"The Mermaids Singing"(1995), a British mystery, was the first of Scottish author Val McDermid's "Wire in The Blood" mystery series, and quite a stir it made, too. McDermid, who is now a prize-winning, best-selling author of 22 novels, is, of course, a leading exponent of the "tartan noir," school of mystery-writing: the specifically Scottish, bloody-minded, tough but slyly humorous approach to a thriller, lightened by the mordant wit for which the Scots are known. As does the entire "Wire" series, "Mermaids" deals with the psychological profiling and stalking of serial killers. It introduces us to, and stars, Dr. Tony Hill, forensic psychologist and criminal profiler; also introduces us to Detective Inspector Carol Jordan, with whom he works. It's a police procedural and rather a suspense/thriller. Her "Wire" series is now, of course, the basis for a popular ITV television series of the same name,
Wire in the Blood: Series 1 and 2 (5 Disc Box Set) [DVD] [2002], starring the toothsome Robson Green as Dr. Tony Hill.
McDermid jumped to worldwide fame and popularity on the heels of her
A Place of Execution, which was nominated for an Edgar Award for Best Novel, won a Los Angeles Times Book Prize, and was named a New York Times Notable Book of the Year. She was born and raised in a Scottish mining town not far from Edinburgh, north of the Firth of Forth; won a scholarship to the ancient, highly-prestigious Oxford University,where she read English; and worked for sixteen years as a journalist in Manchester, where she still resides.

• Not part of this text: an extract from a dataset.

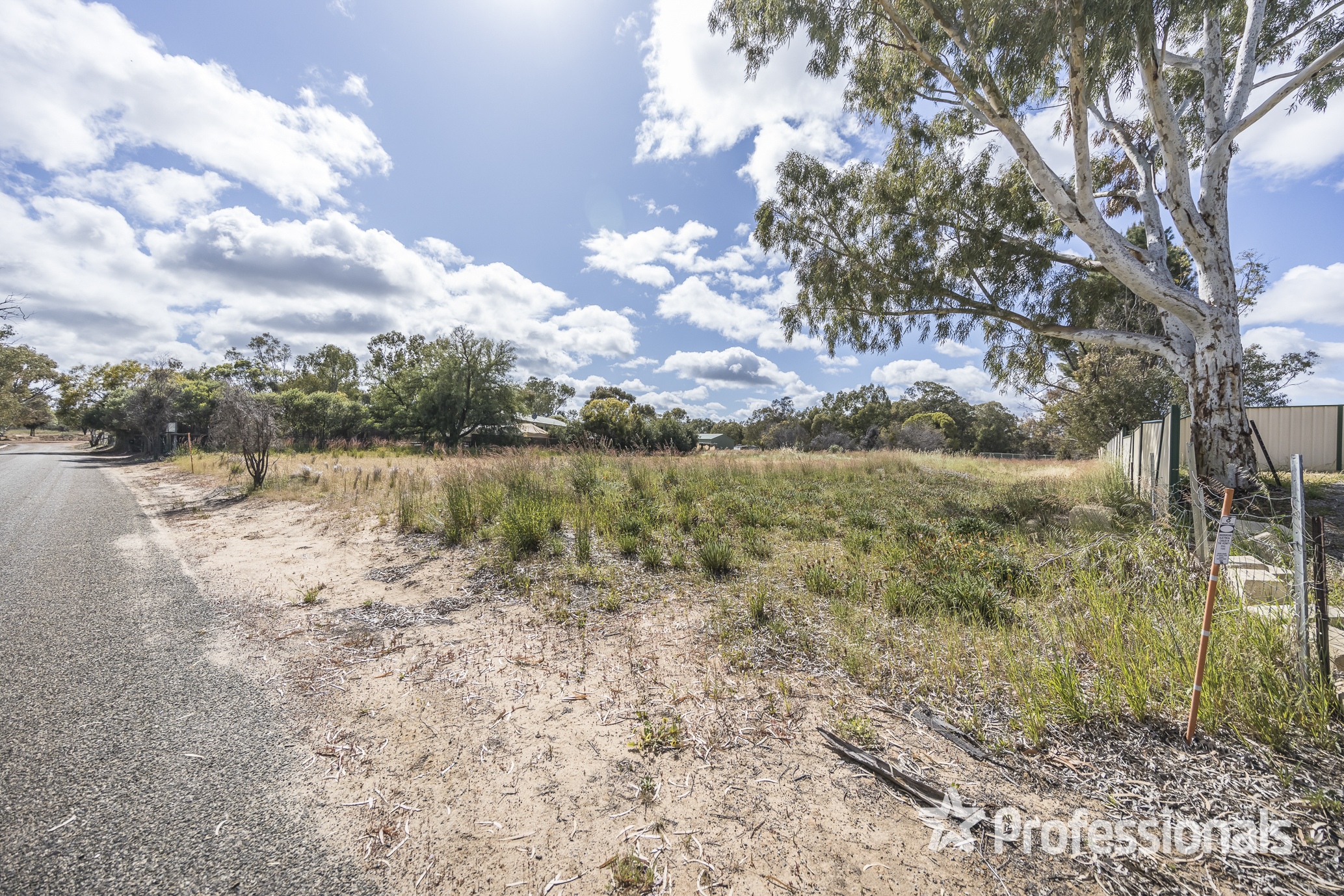 126 LUKIN ST, BEVERLEY WA 6304, 0 Bedrooms, 0 Bathrooms, Section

Despite her current English residence, she must be considered, along with Ian Rankin and Denise Mina, one of the leading lights of the Scottish school of mystery writing, "Tartan noir." This particular novel, as several others of hers, utilizes that technique so popular in the 1990's, of interspersing supposed "real" information, allegedly taken from books, newspapers, diaries and journals, through the text, and it really doesn't work well for the writer, or for me, it just slows things down every time.
The book is set in the author's fictional Bradfield, which looks a lot like Manchester when it's at home. Authorities have become aware that a sadistic sexual serial killer is torturing and murdering men possibly members of the city's gay community: the powers that be have reluctantly ventured to bring Dr. Tony Hill in on the chase. In the writing of the book, McDermid has borrowed a fairly significant idea from that fountainhead of all serial killer books,
Silence of the Lambs , but the author makes good use of it, and pretty much makes it her own. Her "Mermaids" is solidly constructed, well-plotted, and well-written, but be in no doubt: it's gory and violent: only you can know your taste in those matters.
The author opens her narrative in Tuscany, where her killer is on vacation. The unidentified killer has dutifully toured around Florence, and finally gets to go to nearby San Gimignano, which makes some lovely chianti, and is known in the tourist trade as the medieval Manhattan, because the hostile families that lived there erected more than 100 towers to protect themselves from each other. In that walled city the killer finds the true object of the vacation, the "Museo Criminologico," a collection of instruments of torture. Of course, I am an insane, crazed mystery fan, and not that long ago followed McDermid's killer, to Tuscany, Florence, San Gimignano. Loved the ice cream the latter city had to offer, but didn't seem to notice said museum. However, I found it in Florence; stood hesitating in front of it for fifteen minutes, in the pouring rain that washed out that vacation, and never went in. The fellow who's now my husband would have none of it. As I said, only you can know your feelings about these matters.